Eine Verschiebung um 4 bit führt dementsprechend dazu, dass die Hexadezimalzahl um eine Position verschoben wird:
0xF0 >> 4 == 0xF


----------



## Meniskusschaden (26. Jan 2016)

@lennero: Dann hattest du mit deiner Überlegung im ersten Post sicherlich recht. Falls die Aufgabe so gemeint ist, dass nur 16 Bit zur Verfügung stehen, kommt es zu einem Überlauf und das Ergebnis ist 0.

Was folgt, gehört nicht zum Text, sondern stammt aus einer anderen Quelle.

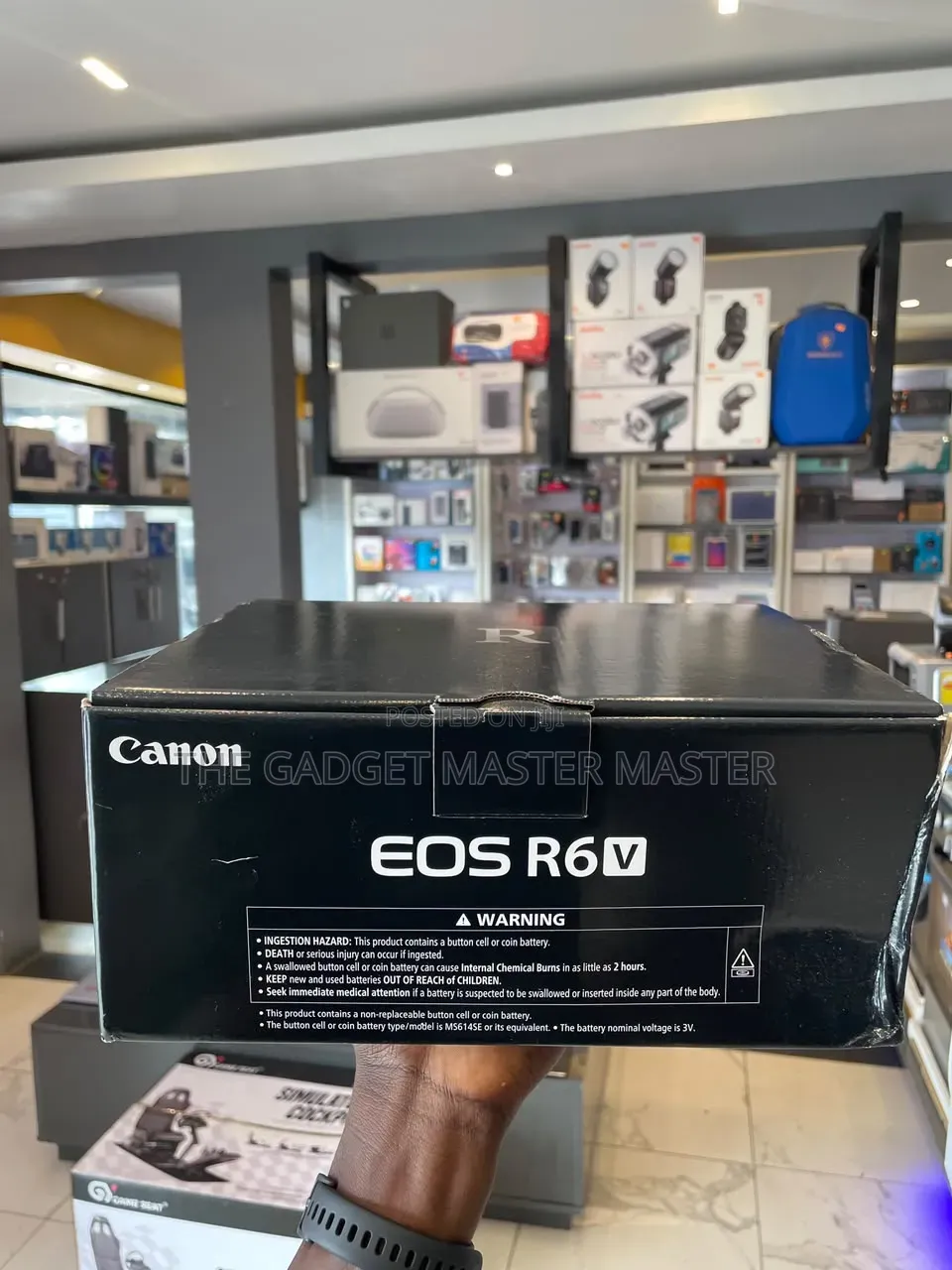 Canon Eos R6 v Mirrorless Camera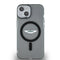 Apple iPhone 14 Aston Martin Orjinal Lisanslı M-safe Şarj Özellikli IML Baskı Logolu Metal Düğmeli Kılıf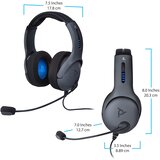 Pdp PS4 Wired Headset LVL50 Grey slušalice | Eponuda.com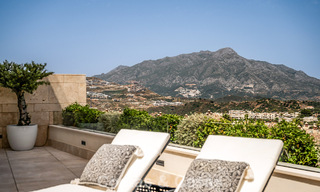 Modern appartement met villakarakter te koop met zeezicht in een exclusief complex in La Quinta, Marbella - Benahavis 794555 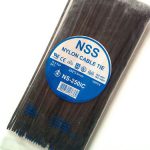 بست کمربندی 25 سانتی ضخامت 3.6 مشکی (NSS)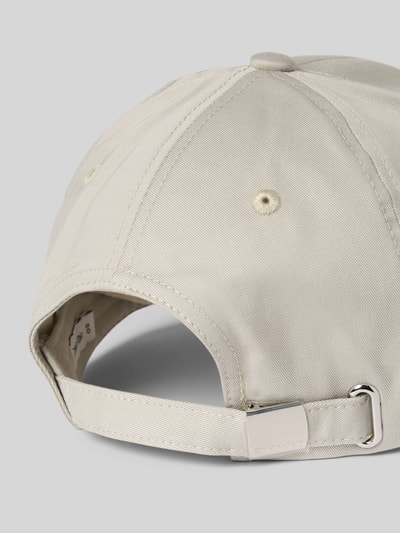 CK Calvin Klein Baseballpet met labelstitching Lichtgrijs - 3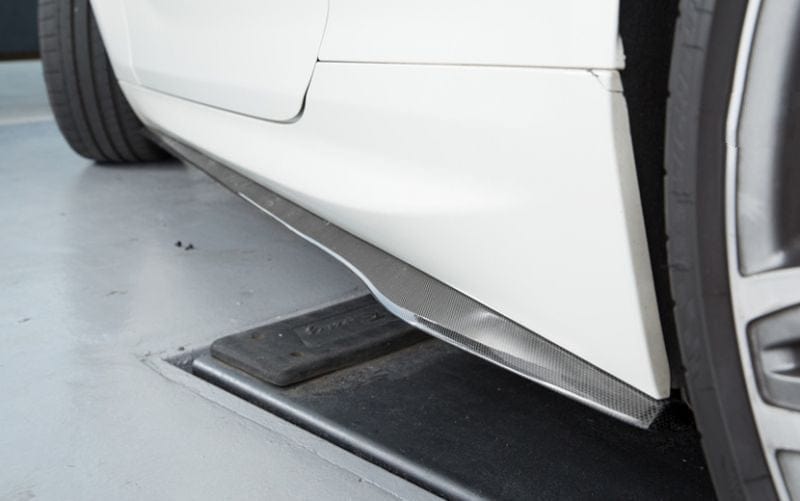 BMW M6 (F06/F12/F13) Vorsteiner Style Carbon Fibre Side Skirts - Twenty Two Tuning Side Skirts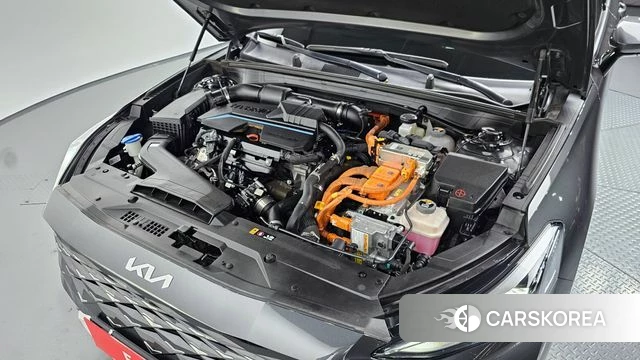 Kia K8 Hybrid id 3872120 из Кореи 16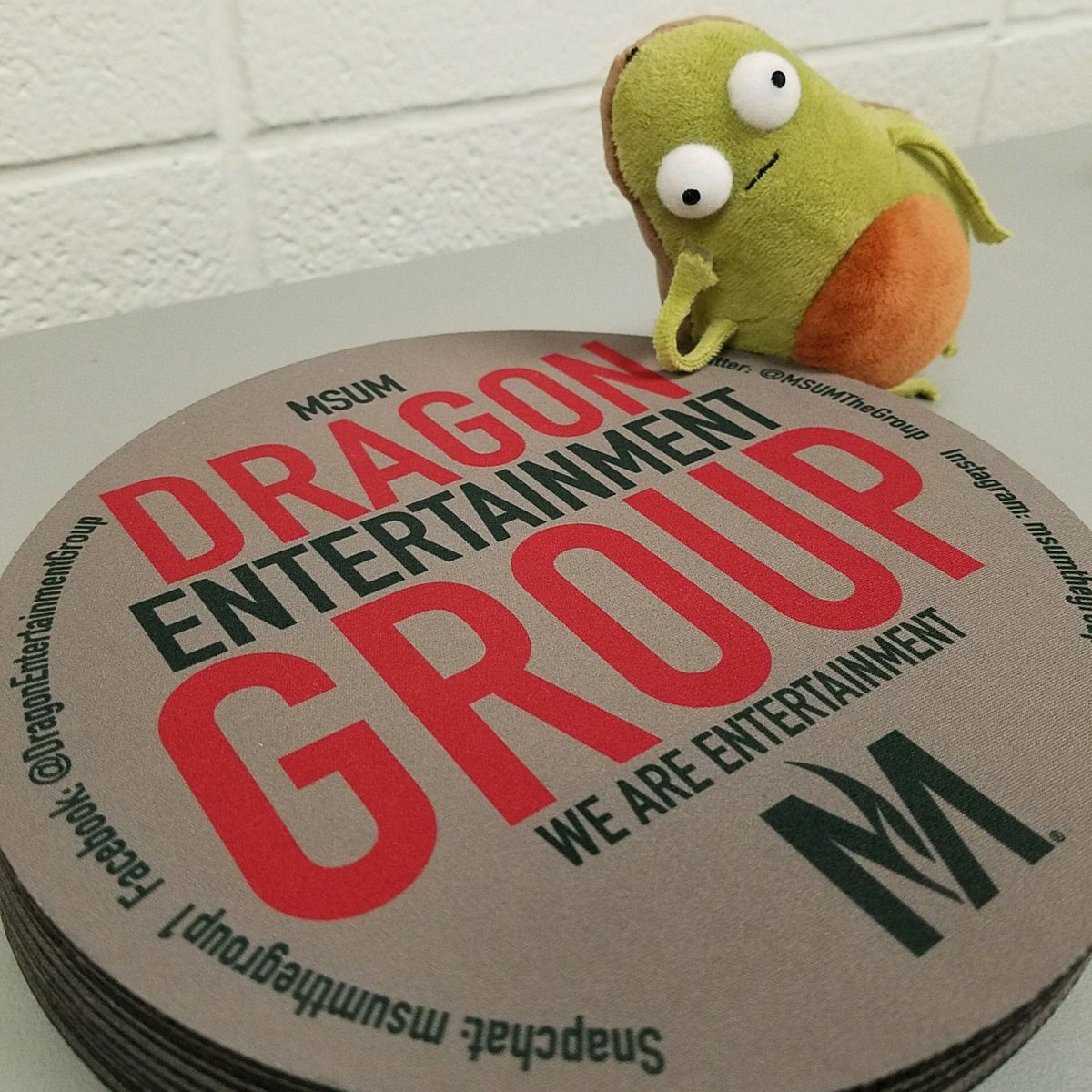 MSUMStudentLife's tweet photo. Are you dreaming about all the fun events @MSUMTheGroup has planned for this fall? @TheRealGuacardo is too! 
#NationalAvocadoDay 🥑 
#DragonFamily 🐲 https://t.co/Dz3fLXghlU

Folgendes ist in dem Zusammenhang vielleicht noch ganz interesant: eine links-Verschiebung um ein Bit entspricht ja der Multiplikation mit 2. Wenn man in Java den Wert 1 in einer short-Variablen speichert (also 16Bit) und wiederholt einstellige links-shifts damit durchführt bekommt man folgende Ergebnisse:
1, 2, 4, ..., 4096, 8192, 16384, -32768, 0
Weil Java keine vorzeichenlosen Ganzzahlen kennt, wird ein Bit für das Vorzeichen benötigt, so daß es bereits eine Iteration vor dem eigentlichen Überlauf zu einem möglicherweise unerwarteten Ergebnis kommt.


----------